Being faced with two really interesting projects recently, I was soul searching as to which was the right opportunity for me. One of the key factors in my decision was how much the project would challenge and stretch me. Now those of you that know me would perhaps not be suprised by that (never one for an easy life!), but I also know there are plenty of people who don’t like being stretched and who, in my opinion, stay in their comfort zone way too long. Often for years!
I’m a great believer that personal growth occurs in these areas where people are stretched (a great book on the subject is Flow, the psychology of peak experience, by the utterly unpronounceable Csíkszentmihályi).
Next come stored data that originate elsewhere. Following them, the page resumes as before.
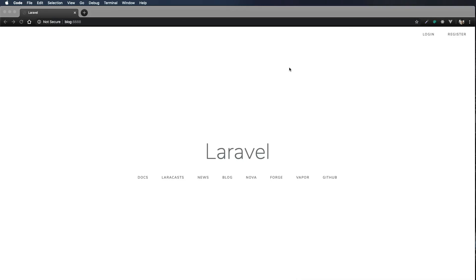The next video will most likely be on Vue Router and routes inside a Vue single page application. If you're interested in learning more about Vue and Vue Router, go ahead and subscribe and sign up for notifications. Thanks for watching.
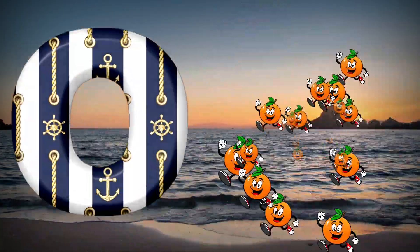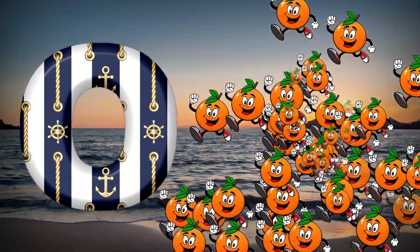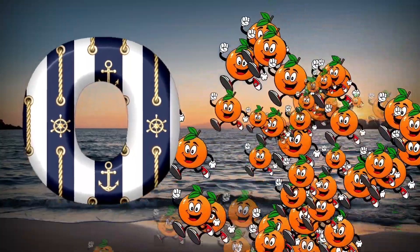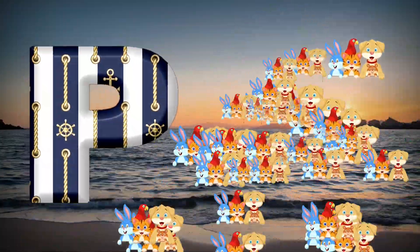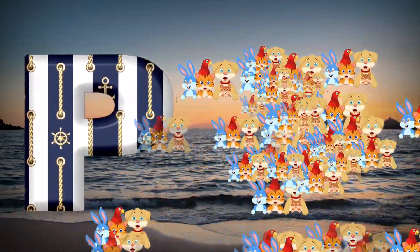O is for orange, o-o-orange. P is for pet, p-p-pet.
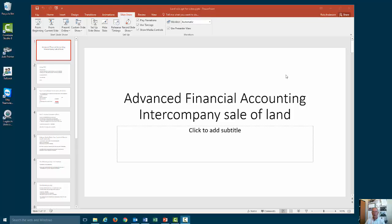Hi there. I'm Rob Anderson, an accounting prof at Thompson Rivers University in British Columbia, City of Kamloops. I find lots of questions coming from students concerning the sale of land when they're doing a consolidation. I think the reason is that land works differently from intercompany sale of merchandise or intercompany sale of property, plant, and equipment, not including land of course.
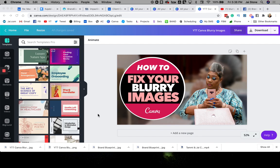So here is a thumbnail that I already created. This is my YouTube thumbnail, but I also use this to promote posts for my YouTube channel on Facebook. What you might not know is that Facebook, Instagram, Pinterest, and all the social media websites do something where they automatically downgrade or degrade the quality of your images so that it loads faster and does not bog down the platform.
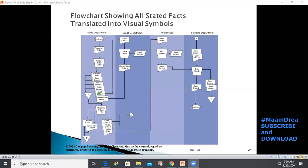The warehouse clerk sends the product and copy two to the shipping department. The shipping department receives the goods and copy two, staples copy two as a packing slip, and ships it to the customer. Sales order copies three and four serve as the company copy, and the shipping department files them.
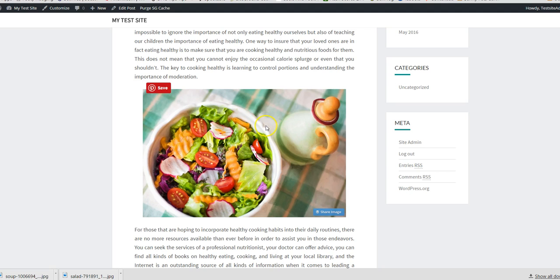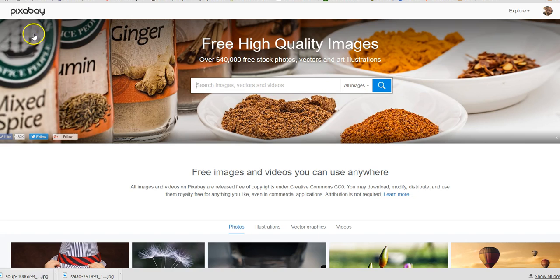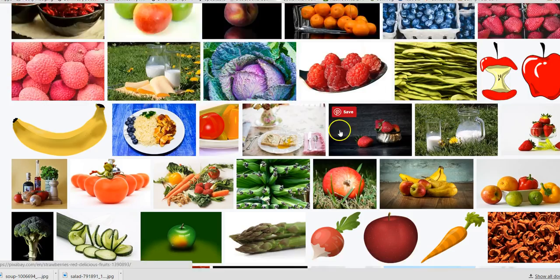There is an alternative and I just want to point you in the direction of one website. This website is called Pixabay. Any image you use from here is completely free stock, so you can use it for whatever you want - you can download them, use them on your websites. All I did was go over to Pixabay, where I've got an account. You can set up an account and it's completely free.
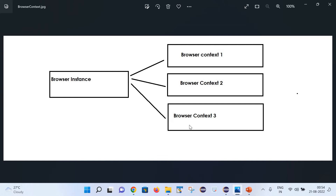As we know, with the help of Playwright we can create a browser instance, and with that browser instance we can create multiple browser contexts. You can see I have created three browser contexts here - browser context one, two, and three. With the help of these browser contexts we can create new pages and launch different URLs.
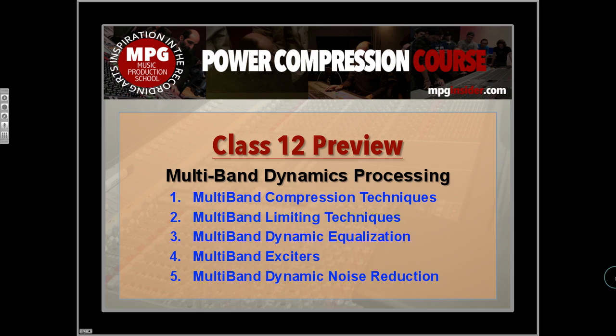We'll also get into band-limited parallel compression techniques, because that's all relevant here. There are loads of tools, specifically with drums — especially dynamic noise reduction, where you can have different frequency areas attenuating, like a gate that opens up in different frequency bands. There's loads of fun stuff and some really amazing tools that have never existed in the analog realm because they were too hard to make, but now exist in the digital realm thanks to very clever people who are good at math.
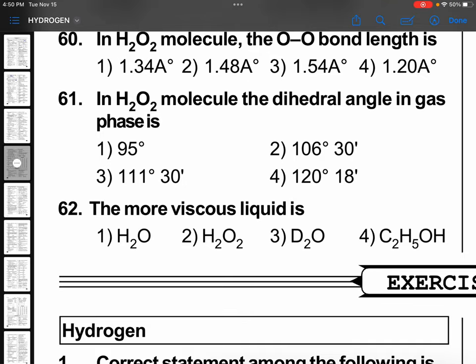In the H₂O₂ molecule, the dihedral angle in gas phase is — yes, gas phase and solid phase both values are mentioned in NCERT also. You need to remember. Question 61, option 3: 111.3 degrees. Remember.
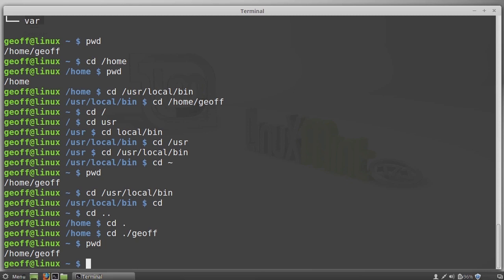So just remember, the cd command moves you around. Remember how to spell paths, the difference between absolute and relative paths, and these three special names: tilde, dot dot, and dot. And before you know it, you will easily be able to move around in the Linux directory structure.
What allows me to really create value today, is the things I’ve learnt and the experiences I’ve had where I’ve been engaged on new projects, worked with new people and experienced different environments. It’s almost like increasing my own personal diversity of skills and competencies.
So what does this mean for lawyers? Well, I think one of the interesting questions is how many opportunities more senior lawyers get to challenge themselves on a regular basis. One of the great things about the law as a career path is that it can offer a great variety of intellectually challenging problems that keep the job fresh and interesting. Particularly in private practice, there are new clients, new laws, new jusrisdictions and of course new circumstances, so there is often plenty to think about. This is without doubt a healthy environment for an active brain and keeps the technical skills evolving.
But should we look more widely at the idea of challenge and growth? Is this technical growth enough? How much is it allowing the lawyer to fulfil his potential? After 10 years specialised in a particular technical field or 5 years in house working on a particular company’s deals, then looking at the bigger picture, is it REALLY challenging? One of my mentors commented recently that he thought any good job or project should make you feel a tiny bit scared. Similarly a leadership development specialist I know suggests closing your eyes, visualising the next project, and experiencing both how excited it makes you feel, and also how comfortable or uncomfortable it makes you feel.
Ultimately there are no right or wrong answers, but it is easy to forget about personal growth and get sucked up in the day to day “doing”, especially if the doing is varied and stimulating. Perhaps over Christmas the question to ask is whether “varied and stimulating” is enough to allow you to grow?